Top of DATA

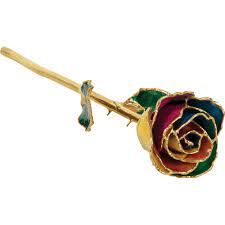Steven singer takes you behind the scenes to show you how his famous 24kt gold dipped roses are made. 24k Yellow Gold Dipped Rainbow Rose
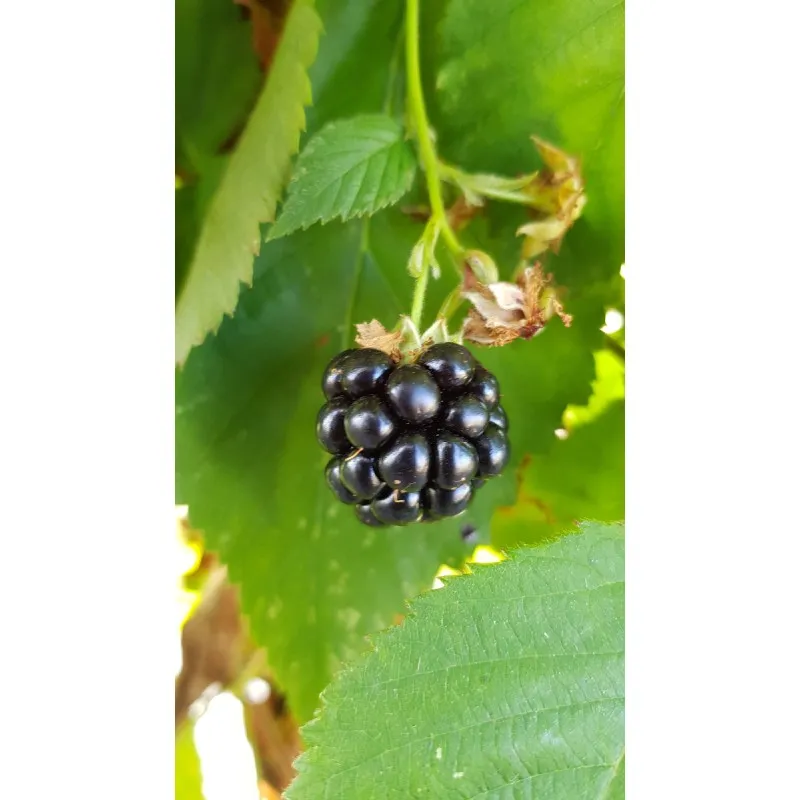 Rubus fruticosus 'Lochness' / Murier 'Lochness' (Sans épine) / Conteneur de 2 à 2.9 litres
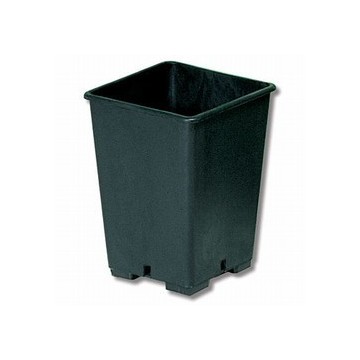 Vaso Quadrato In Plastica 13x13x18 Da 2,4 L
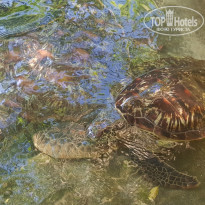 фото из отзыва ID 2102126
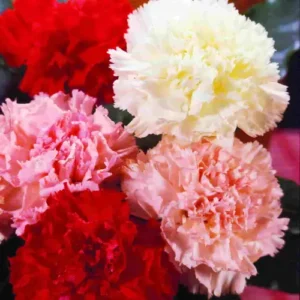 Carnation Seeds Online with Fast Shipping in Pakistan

Bottom of DATA
Top of DATA

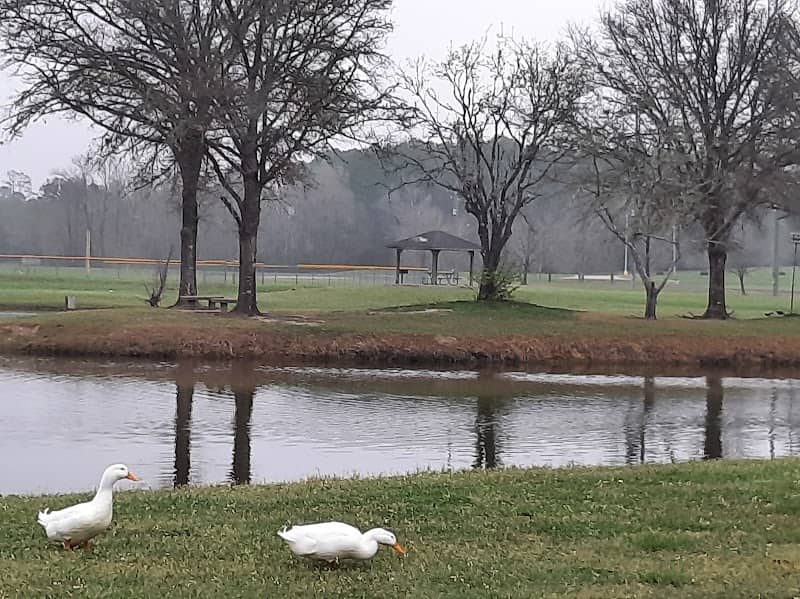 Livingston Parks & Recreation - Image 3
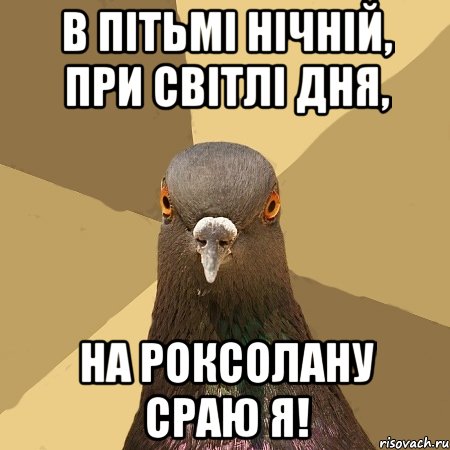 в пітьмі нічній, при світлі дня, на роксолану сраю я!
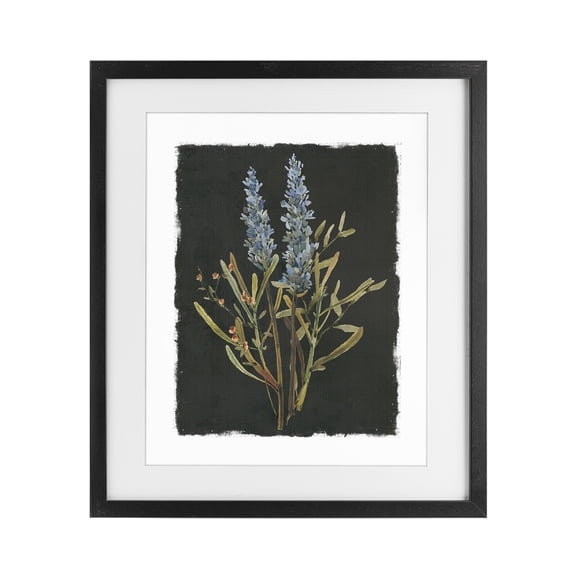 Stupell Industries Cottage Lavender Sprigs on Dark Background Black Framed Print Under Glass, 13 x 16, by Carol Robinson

Bottom of DATA

- EXERCISE PROMPT
Set down exactly the lines above, from the line containing "Steven singer takes" through the line containing "Carnation Seeds Online". Skip the pictures.

- EXERCISE OUTPUT
Steven singer takes you behind the scenes to show you how his famous 24kt gold dipped roses are made. 24k Yellow Gold Dipped Rainbow Rose
 Rubus fruticosus 'Lochness' / Murier 'Lochness' (Sans épine) / Conteneur de 2 à 2.9 litres
 Vaso Quadrato In Plastica 13x13x18 Da 2,4 L
 фото из отзыва ID 2102126
 Carnation Seeds Online with Fast Shipping in Pakistan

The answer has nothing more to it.